Luis de Guindos stated current uncertainty surpasses that of the pandemic, highlighting various economic conditions

    by VT Markets
    /
    Mar 16, 2025

    Luis de Guindos, the European Central Bank vice president, noted the heightened uncertainty in the current environment, surpassing that experienced during the pandemic. The new US administration’s reluctance towards multilateral cooperation is seen as a substantial source of this uncertainty.

    Despite improvements in real wages, declining inflation, decreasing interest rates, and better financing conditions, consumption remains stagnant. Consumers express concerns regarding the economy’s medium-term outlook, influenced by fears of trade wars and potential geopolitical conflicts.

    Impact Of EU Defence Spending

    While conclusions on EU defence spending plans are premature, they are expected to positively affect growth with minimal impact on inflation.

    De Guindos’ remarks highlight the depth of uncertainty in global markets, exceeding even the turbulence seen during the pandemic years. The hesitation of the US government to engage in cooperative economic policies has introduced instability that affects investor confidence and risk assessment across multiple sectors.

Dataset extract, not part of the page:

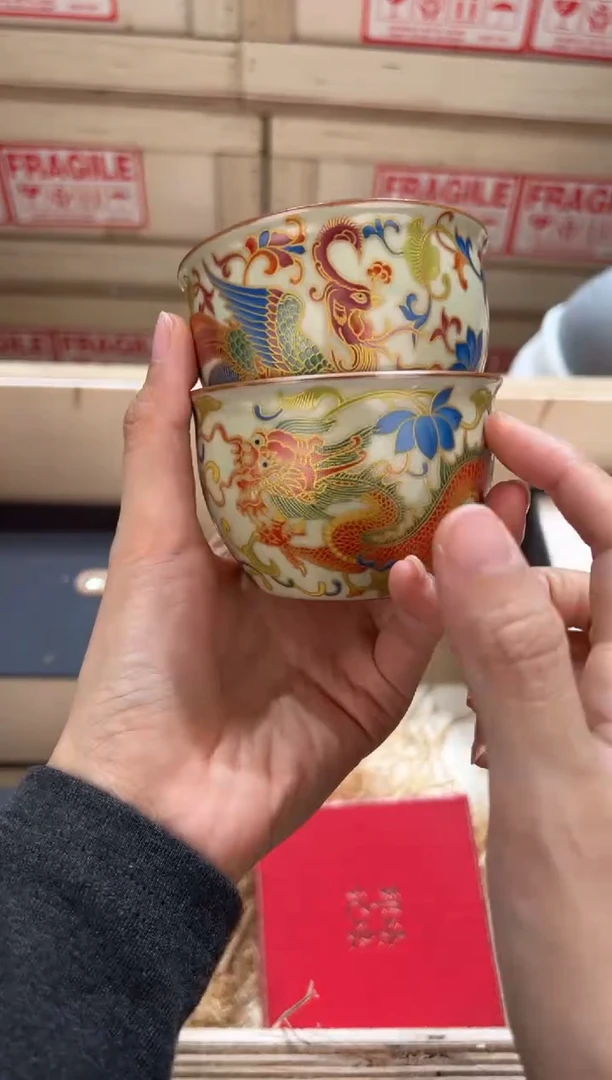 @@@@@@茶具@@@@@@@4930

    Even with inflation easing, wages recovering, and borrowing becoming more affordable, households are not increasing their spending. Many remain cautious, holding back from making larger financial commitments. Concern over the broader economic picture is keeping consumer demand weaker than expected. Nervousness about possible disruptions in global trade and rising geopolitical tensions appears to be counteracting the economic improvements that would typically support stronger consumption.

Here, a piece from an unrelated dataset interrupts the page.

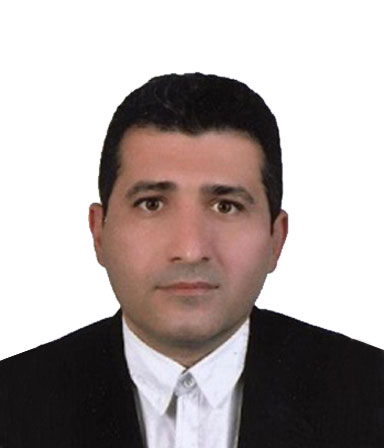 مهندس کاظم پورنگ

    Regarding European defence commitments, it is too soon to assess the full economic effects. However, projections suggest that increased military expenditure could contribute to overall economic growth while having little influence on cost pressures. Yet, broader fiscal policies and how they interact with existing budgetary constraints must be factored into any assessment of future developments.

    Market Reaction To Uncertainty

    What is particularly relevant in the coming weeks is how market participants adjust to this uncertainty, particularly as policy shifts and geopolitical developments continue to unfold. With underlying economic improvements running up against stubborn concerns about long-term stability, positioning will require careful reassessment. Movements in key indicators will not necessarily follow past patterns, making adaptability essential.